Baydoun mengingatkan, Mahkamah Pidana Internasional memiliki yurisdiksi untuk menangani kasus-kasus tersebut, apalagi Palestina resmi menjadi anggota sejak 2015.
Selain itu, opsi pembentukan pengadilan internasional ad hoc, seperti halnya Nuremberg dan Tokyo, juga terbuka.
Namun, ia mengakui, praktik peradilan internasional kerap terpengaruh tekanan politik, yang pada akhirnya melemahkan kepercayaan masyarakat tertindas terhadap kebermaknaan keadilan global.
Kendati demikian, ia menegaskan bahwa kejahatan yang dilakukan oleh negara pendudukan tidak mengenal kedaluwarsa.
“Tidak ada tempat yang bisa membatasi penuntutan para pelaku. Artinya, setiap negara memiliki kewenangan untuk menahan mereka berdasarkan hukum internasional, baik publik maupun privat,” katanya.
Tanggung jawab internasional
Dalam sesi penutup, Elissar Farhat, akademisi hukum dan ilmu politik, menekankan bahwa komunitas internasional memiliki tanggung jawab melindungi warga sipil Gaza dan mencegah genosida melalui kelaparan, sesuai prinsip Responsibility to Protect (R2P).

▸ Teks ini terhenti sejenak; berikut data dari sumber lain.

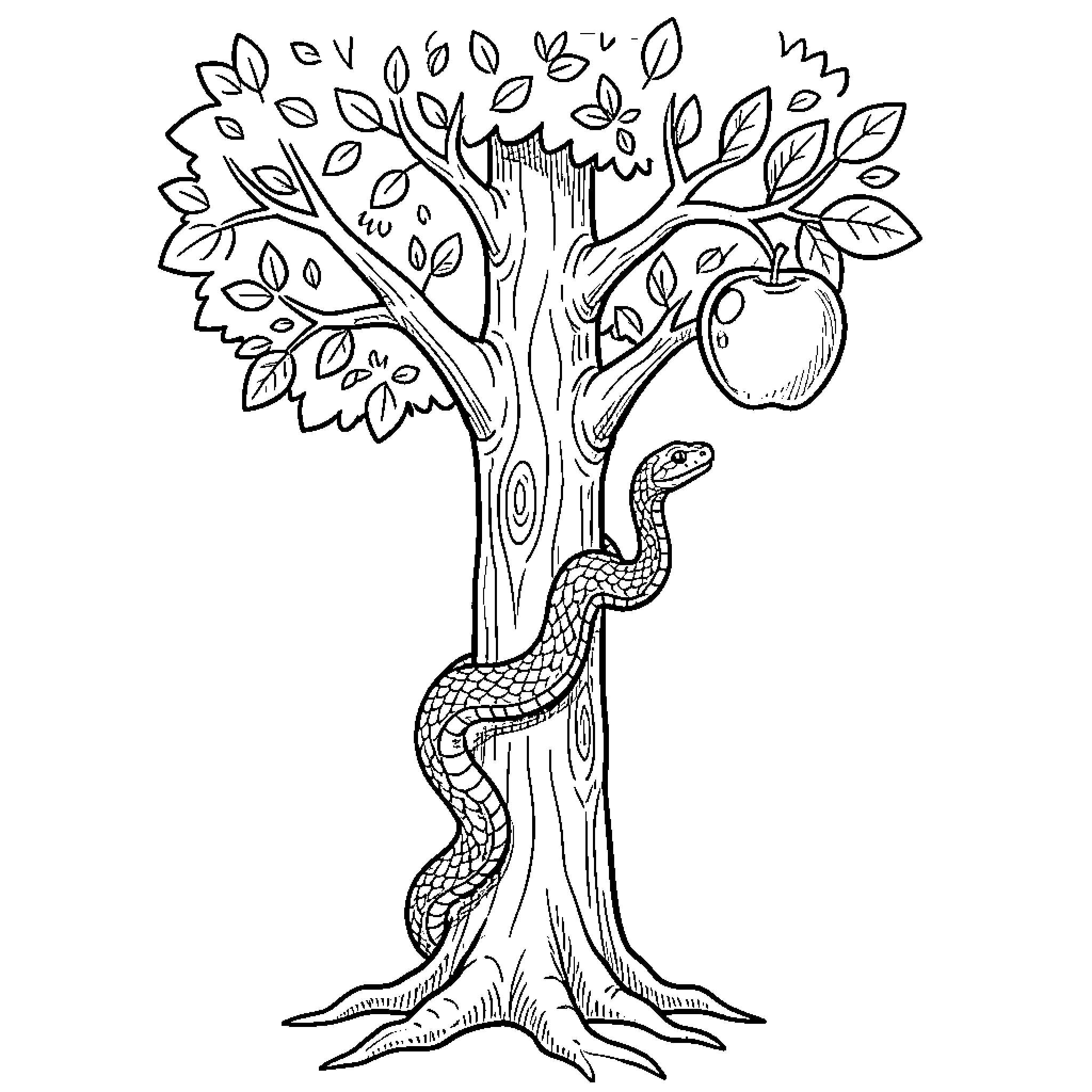 Snake slithering up an apple tree Coloring Page (free black-and-white line drawing printable PDF for all, from beginners to advanced learners, including children, teens, adults, and seniors)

Namun, mekanisme hak veto Amerika Serikat di Dewan Keamanan PBB justru berubah menjadi alat untuk melumpuhkan setiap upaya nyata.
Farhat menyerukan pengaktifan kembali mekanisme Uniting for Peace di Majelis Umum PBB, disertai tekanan diplomatik dan gerakan masyarakat sipil agar bantuan kemanusiaan dapat masuk secara berkelanjutan.
Menurutnya, berdiam diri pada teks hukum semata hanya akan mempertegas kegagalan lembaga-lembaga internasional.
Ia menegaskan, Gaza telah memperlihatkan dengan gamblang batas-batas sistem hukum internasional yang ada.
Karena itu, diperlukan pendekatan baru—kritis sekaligus praktis—agar hukum internasional kembali menjalankan fungsinya sebagai pelindung kemanusiaan, bukan sekadar alat yang tunduk pada neraca kekuatan global.